Tips on how to avoid business failure!
by: Victor M. Rivera - vmr@bizplans.net

A business failure is defined as a business discontinuing operations because it can no longer pay creditors, resulting in a loss to creditor(s).  There are many more businesses that discontinue operations for a variety of reasons, such as loss of capital, inadequate profits, ill health, retirement, etc., but if creditors are paid in full, it is not counted as a failure. However, many of the businesses discontinue operations for the same reasons some fail.  They are:

1. The lack of planning results in:
    a. Inadequate sales
    b. High costs
    c. Shortage of working capital
    d. Inadequate growth
    e. Low profits

2. Poor accounting records:
    a. No monthly financial statements
    b. Inaccurate and misleading statements
    c. Lack of management reporting systems


3. Disregarding or misinterpreting financial statements

4. Receivable difficulties:
    a. Lack of company credit policy
    b. Poor credit procedures and collection efforts

5. Inventory difficulties:
    a. No inventory control
    b. Excessive inventory


6. Excessive fixed assets:

    a. Acquisition of assets not needed
    b. Under-utilization of equipment and building


7. Lack of adequate working capital:
    a. Under-capitalized
    b. Inability to understand cash flow
    c. Poor banking relations


8. Inadequate sales:
    a. Lack of public exposure
    b. Poor sales incentives
    c. Incorrect sales forecasts
    d. Improper price setting


9. Failure to reduce high costs:
    a. Does not recognize excessive cost
    b. Lacks the courage
    c. Can't distinguish the fat from the muscle
    d. Has defeatist attitude


10.Disaster (not adequately insured):
    a. Fire
    b. Flood
    c. Burglary
    d. Employees' fraud
    e. Other


11.Neglect due to:

    a. Bad habits
    b. Poor health
    c. Marital difficulties
    d. Other


12. Fraud (on the part of the owner reflected by):

    a. Misleading name
    b. False financial statements
    c. Premeditated oversell
    d.
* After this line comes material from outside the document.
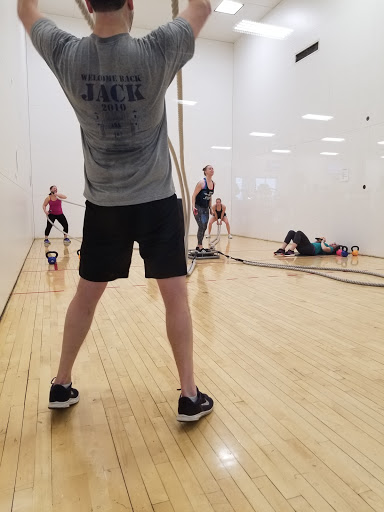 Racquetball Club «H-F Racquet & Fitness Club», reviews and photos, 2920 183rd St, Homewood, IL 60430, USA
Irregular disposal of assets

13. Not seeking professional advice when necessary:
    a. Lack of confidence in professional help
    b. Lack of ability to grasp assistance received
    c. Too much ego or pride
    d. Believe professional help is unwarranted and too costly

14. Bad judgment due to:
    a. Lack of experience in the business
    b. Lack of managerial experience
    c. Unbalanced experience
    d. NO concept of the company's position in the marketplace

15. Conflict of interest:

    a. Between owners, if more than one
    b. Between management and labor
    c. Between company's needs and employee's desires
In reviewing the reasons for failure, it is easy to arrive at the conclusion that in many cases the owner wanted to fail. Although that is not the intent at the start, it is at the end.

All too often, the owner will give up too soon.  Most of the time, a business can be saved if the owner will recognize the problems and have the courage and fortitude to correct them.